▶ **Instructions for the task**: Output only the lines of the entries that follow, starting at the one with "2018 Blue Bird School Transit Bus" and running down to the one with "intervistato Primo Nero", both included and unchanged.

▶ **Dataset records**:
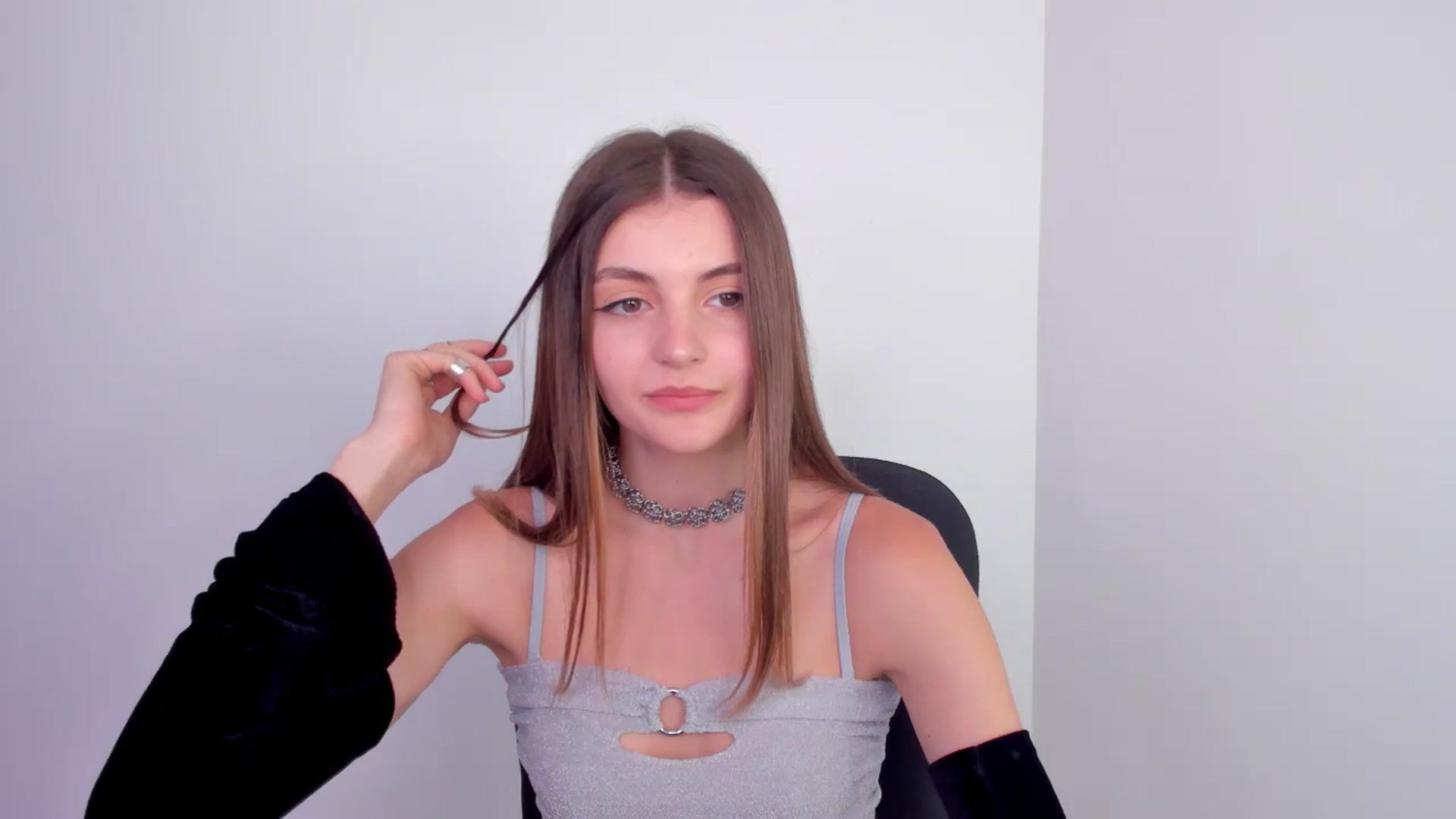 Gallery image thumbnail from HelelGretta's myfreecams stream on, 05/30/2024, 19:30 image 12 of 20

---

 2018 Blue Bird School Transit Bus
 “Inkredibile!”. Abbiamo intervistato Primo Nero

▶ **Your solution**:
 2018 Blue Bird School Transit Bus
 “Inkredibile!”. Abbiamo intervistato Primo Nero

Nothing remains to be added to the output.